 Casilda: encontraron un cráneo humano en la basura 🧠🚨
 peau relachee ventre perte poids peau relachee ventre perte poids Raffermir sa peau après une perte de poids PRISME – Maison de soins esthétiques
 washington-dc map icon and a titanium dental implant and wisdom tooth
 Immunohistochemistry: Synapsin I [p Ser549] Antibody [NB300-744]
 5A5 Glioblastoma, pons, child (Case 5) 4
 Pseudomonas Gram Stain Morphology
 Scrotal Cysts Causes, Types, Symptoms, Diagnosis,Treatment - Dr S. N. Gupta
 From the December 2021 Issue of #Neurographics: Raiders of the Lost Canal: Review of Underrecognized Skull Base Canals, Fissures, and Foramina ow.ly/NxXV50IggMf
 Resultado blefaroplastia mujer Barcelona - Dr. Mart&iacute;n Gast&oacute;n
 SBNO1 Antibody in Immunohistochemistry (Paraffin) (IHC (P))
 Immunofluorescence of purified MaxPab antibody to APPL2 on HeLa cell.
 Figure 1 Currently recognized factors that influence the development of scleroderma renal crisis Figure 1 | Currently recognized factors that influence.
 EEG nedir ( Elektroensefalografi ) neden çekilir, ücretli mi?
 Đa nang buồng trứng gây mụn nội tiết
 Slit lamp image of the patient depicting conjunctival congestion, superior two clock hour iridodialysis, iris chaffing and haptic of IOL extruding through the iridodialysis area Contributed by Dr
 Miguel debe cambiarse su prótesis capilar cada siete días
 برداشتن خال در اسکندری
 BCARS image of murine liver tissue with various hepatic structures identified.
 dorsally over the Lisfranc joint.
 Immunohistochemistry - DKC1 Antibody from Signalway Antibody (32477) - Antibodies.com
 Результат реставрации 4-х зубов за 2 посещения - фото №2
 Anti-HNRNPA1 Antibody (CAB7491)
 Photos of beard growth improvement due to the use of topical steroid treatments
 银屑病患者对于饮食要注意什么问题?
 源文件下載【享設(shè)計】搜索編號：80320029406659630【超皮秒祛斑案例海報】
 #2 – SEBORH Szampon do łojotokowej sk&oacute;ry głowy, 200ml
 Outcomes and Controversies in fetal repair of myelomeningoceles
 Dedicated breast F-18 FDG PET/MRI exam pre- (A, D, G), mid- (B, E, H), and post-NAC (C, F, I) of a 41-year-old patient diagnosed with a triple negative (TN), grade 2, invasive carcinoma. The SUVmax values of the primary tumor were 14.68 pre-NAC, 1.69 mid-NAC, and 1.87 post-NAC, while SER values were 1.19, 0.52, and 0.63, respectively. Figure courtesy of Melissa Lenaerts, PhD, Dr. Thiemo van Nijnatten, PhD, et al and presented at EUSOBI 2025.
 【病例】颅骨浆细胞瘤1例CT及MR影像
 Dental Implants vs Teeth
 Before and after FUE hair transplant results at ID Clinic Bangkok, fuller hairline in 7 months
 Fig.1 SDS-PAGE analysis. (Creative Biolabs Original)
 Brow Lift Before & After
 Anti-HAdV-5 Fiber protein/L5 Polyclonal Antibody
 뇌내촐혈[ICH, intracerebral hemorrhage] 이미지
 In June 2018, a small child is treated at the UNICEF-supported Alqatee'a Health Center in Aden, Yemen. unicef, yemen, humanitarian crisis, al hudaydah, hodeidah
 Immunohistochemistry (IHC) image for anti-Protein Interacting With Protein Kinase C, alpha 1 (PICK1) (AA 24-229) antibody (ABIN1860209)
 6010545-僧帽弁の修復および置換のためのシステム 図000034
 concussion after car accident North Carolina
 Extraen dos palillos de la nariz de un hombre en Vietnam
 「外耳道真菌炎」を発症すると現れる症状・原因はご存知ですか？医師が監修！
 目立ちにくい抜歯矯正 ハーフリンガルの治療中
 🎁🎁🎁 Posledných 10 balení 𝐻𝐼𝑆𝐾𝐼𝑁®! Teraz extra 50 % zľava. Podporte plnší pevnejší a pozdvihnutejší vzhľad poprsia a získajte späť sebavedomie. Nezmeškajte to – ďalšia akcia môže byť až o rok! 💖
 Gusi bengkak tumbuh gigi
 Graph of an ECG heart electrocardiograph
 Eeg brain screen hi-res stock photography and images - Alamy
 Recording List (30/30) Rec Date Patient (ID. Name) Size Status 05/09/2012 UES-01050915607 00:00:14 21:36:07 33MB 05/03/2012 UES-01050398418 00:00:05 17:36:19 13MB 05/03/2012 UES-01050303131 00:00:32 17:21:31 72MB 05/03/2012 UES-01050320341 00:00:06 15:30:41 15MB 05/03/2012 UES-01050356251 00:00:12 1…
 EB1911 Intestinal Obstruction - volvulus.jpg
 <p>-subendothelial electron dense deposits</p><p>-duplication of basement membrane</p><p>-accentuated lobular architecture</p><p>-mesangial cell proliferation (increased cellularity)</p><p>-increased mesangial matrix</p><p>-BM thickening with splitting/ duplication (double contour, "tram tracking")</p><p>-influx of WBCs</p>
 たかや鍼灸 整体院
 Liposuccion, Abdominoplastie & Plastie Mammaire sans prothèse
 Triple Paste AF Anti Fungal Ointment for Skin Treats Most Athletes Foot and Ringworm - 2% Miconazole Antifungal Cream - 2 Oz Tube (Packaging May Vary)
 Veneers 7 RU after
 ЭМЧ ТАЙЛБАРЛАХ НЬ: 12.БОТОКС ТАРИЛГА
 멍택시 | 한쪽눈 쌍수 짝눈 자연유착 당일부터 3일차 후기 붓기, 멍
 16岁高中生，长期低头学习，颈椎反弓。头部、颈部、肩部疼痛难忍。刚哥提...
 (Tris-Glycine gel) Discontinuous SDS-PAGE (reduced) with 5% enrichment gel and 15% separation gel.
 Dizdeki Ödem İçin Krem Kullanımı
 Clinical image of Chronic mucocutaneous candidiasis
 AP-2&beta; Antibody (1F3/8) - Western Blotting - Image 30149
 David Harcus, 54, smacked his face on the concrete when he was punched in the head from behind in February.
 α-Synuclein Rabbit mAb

——————

__Exercise__. Without leaving anything out, repeat the data exactly.

__Your response__.
 Casilda: encontraron un cráneo humano en la basura 🧠🚨
 peau relachee ventre perte poids peau relachee ventre perte poids Raffermir sa peau après une perte de poids PRISME – Maison de soins esthétiques
 washington-dc map icon and a titanium dental implant and wisdom tooth
 Immunohistochemistry: Synapsin I [p Ser549] Antibody [NB300-744]
 5A5 Glioblastoma, pons, child (Case 5) 4
 Pseudomonas Gram Stain Morphology
 Scrotal Cysts Causes, Types, Symptoms, Diagnosis,Treatment - Dr S. N. Gupta
 From the December 2021 Issue of #Neurographics: Raiders of the Lost Canal: Review of Underrecognized Skull Base Canals, Fissures, and Foramina ow.ly/NxXV50IggMf
 Resultado blefaroplastia mujer Barcelona - Dr. Mart&iacute;n Gast&oacute;n
 SBNO1 Antibody in Immunohistochemistry (Paraffin) (IHC (P))
 Immunofluorescence of purified MaxPab antibody to APPL2 on HeLa cell.
 Figure 1 Currently recognized factors that influence the development of scleroderma renal crisis Figure 1 | Currently recognized factors that influence.
 EEG nedir ( Elektroensefalografi ) neden çekilir, ücretli mi?
 Đa nang buồng trứng gây mụn nội tiết
 Slit lamp image of the patient depicting conjunctival congestion, superior two clock hour iridodialysis, iris chaffing and haptic of IOL extruding through the iridodialysis area Contributed by Dr
 Miguel debe cambiarse su prótesis capilar cada siete días
 برداشتن خال در اسکندری
 BCARS image of murine liver tissue with various hepatic structures identified.
 dorsally over the Lisfranc joint.
 Immunohistochemistry - DKC1 Antibody from Signalway Antibody (32477) - Antibodies.com
 Результат реставрации 4-х зубов за 2 посещения - фото №2
 Anti-HNRNPA1 Antibody (CAB7491)
 Photos of beard growth improvement due to the use of topical steroid treatments
 银屑病患者对于饮食要注意什么问题?
 源文件下載【享設(shè)計】搜索編號：80320029406659630【超皮秒祛斑案例海報】
 #2 – SEBORH Szampon do łojotokowej sk&oacute;ry głowy, 200ml
 Outcomes and Controversies in fetal repair of myelomeningoceles
 Dedicated breast F-18 FDG PET/MRI exam pre- (A, D, G), mid- (B, E, H), and post-NAC (C, F, I) of a 41-year-old patient diagnosed with a triple negative (TN), grade 2, invasive carcinoma. The SUVmax values of the primary tumor were 14.68 pre-NAC, 1.69 mid-NAC, and 1.87 post-NAC, while SER values were 1.19, 0.52, and 0.63, respectively. Figure courtesy of Melissa Lenaerts, PhD, Dr. Thiemo van Nijnatten, PhD, et al and presented at EUSOBI 2025.
 【病例】颅骨浆细胞瘤1例CT及MR影像
 Dental Implants vs Teeth
 Before and after FUE hair transplant results at ID Clinic Bangkok, fuller hairline in 7 months
 Fig.1 SDS-PAGE analysis. (Creative Biolabs Original)
 Brow Lift Before & After
 Anti-HAdV-5 Fiber protein/L5 Polyclonal Antibody
 뇌내촐혈[ICH, intracerebral hemorrhage] 이미지
 In June 2018, a small child is treated at the UNICEF-supported Alqatee'a Health Center in Aden, Yemen. unicef, yemen, humanitarian crisis, al hudaydah, hodeidah
 Immunohistochemistry (IHC) image for anti-Protein Interacting With Protein Kinase C, alpha 1 (PICK1) (AA 24-229) antibody (ABIN1860209)
 6010545-僧帽弁の修復および置換のためのシステム 図000034
 concussion after car accident North Carolina
 Extraen dos palillos de la nariz de un hombre en Vietnam
 「外耳道真菌炎」を発症すると現れる症状・原因はご存知ですか？医師が監修！
 目立ちにくい抜歯矯正 ハーフリンガルの治療中
 🎁🎁🎁 Posledných 10 balení 𝐻𝐼𝑆𝐾𝐼𝑁®! Teraz extra 50 % zľava. Podporte plnší pevnejší a pozdvihnutejší vzhľad poprsia a získajte späť sebavedomie. Nezmeškajte to – ďalšia akcia môže byť až o rok! 💖
 Gusi bengkak tumbuh gigi
 Graph of an ECG heart electrocardiograph
 Eeg brain screen hi-res stock photography and images - Alamy
 Recording List (30/30) Rec Date Patient (ID. Name) Size Status 05/09/2012 UES-01050915607 00:00:14 21:36:07 33MB 05/03/2012 UES-01050398418 00:00:05 17:36:19 13MB 05/03/2012 UES-01050303131 00:00:32 17:21:31 72MB 05/03/2012 UES-01050320341 00:00:06 15:30:41 15MB 05/03/2012 UES-01050356251 00:00:12 1…
 EB1911 Intestinal Obstruction - volvulus.jpg
 <p>-subendothelial electron dense deposits</p><p>-duplication of basement membrane</p><p>-accentuated lobular architecture</p><p>-mesangial cell proliferation (increased cellularity)</p><p>-increased mesangial matrix</p><p>-BM thickening with splitting/ duplication (double contour, "tram tracking")</p><p>-influx of WBCs</p>
 たかや鍼灸 整体院
 Liposuccion, Abdominoplastie & Plastie Mammaire sans prothèse
 Triple Paste AF Anti Fungal Ointment for Skin Treats Most Athletes Foot and Ringworm - 2% Miconazole Antifungal Cream - 2 Oz Tube (Packaging May Vary)
 Veneers 7 RU after
 ЭМЧ ТАЙЛБАРЛАХ НЬ: 12.БОТОКС ТАРИЛГА
 멍택시 | 한쪽눈 쌍수 짝눈 자연유착 당일부터 3일차 후기 붓기, 멍
 16岁高中生，长期低头学习，颈椎反弓。头部、颈部、肩部疼痛难忍。刚哥提...
 (Tris-Glycine gel) Discontinuous SDS-PAGE (reduced) with 5% enrichment gel and 15% separation gel.
 Dizdeki Ödem İçin Krem Kullanımı
 Clinical image of Chronic mucocutaneous candidiasis
 AP-2&beta; Antibody (1F3/8) - Western Blotting - Image 30149
 David Harcus, 54, smacked his face on the concrete when he was punched in the head from behind in February.
 α-Synuclein Rabbit mAb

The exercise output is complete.